CMA banks on reforms to restore sanity

Financial Standard

By James Anyanzwa

The Capital Markets Authority (CMA) is pursuing major reforms to strengthen its regulatory framework.

The ambitions move is aimed at transforming the struggling local bourse into a leading regional financial hub.

In its quarterly publication, the market regulator says the grand plan will ensure a robust and facilitative regulatory framework, which is critical to maintaining investors’ confidence.

CMA’s eight-point reform agenda include reviewing of the current legal and regulatory framework and the setting up of dispute resolution mechanisms.

"The agenda also aims at facilitating cross-border transactions and harmonizing the region’s legal and regulatory framework to give more confidence to firms listed on two or more stock exchanges," reckons Stella Kilonzo, the authority’s chief executive.
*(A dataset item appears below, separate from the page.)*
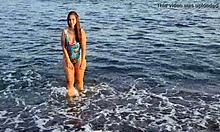 la cachonda de anaduro12 en la playa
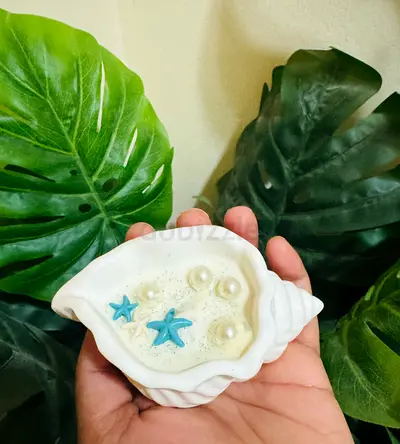 Charming Decorative Seashell with Pearls and Starfish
In the short and medium-term period, the authority in consultation with stakeholders plan to formulate prudential guidelines akin to those used in the banking sector so as to ensure that all licensees publish their accounts.

Mandatory guidelines

It will also ensure that all market intermediaries that collect funds from the public must secure professional indemnity insurance to cover liabilities arising from cases of negligence or omissions.

Other critical reforms include, among others, making corporate governance guidelines mandatory for licensees handling public funds and a requirement that will see all licensees fully automate their back offices.

Kilonzo says the authority would also introduce new financial products to allow organisations to raise cheap and long-term capital.

"This will be achieved by deepening the existing products, developing new products and advocating for privatization through the Nairobi Stock Exchange," says Kilonzo.

Kilonzo views the proposed review of the market structure would accommodate different classes of issuers and investors, a move that is critical to the review process.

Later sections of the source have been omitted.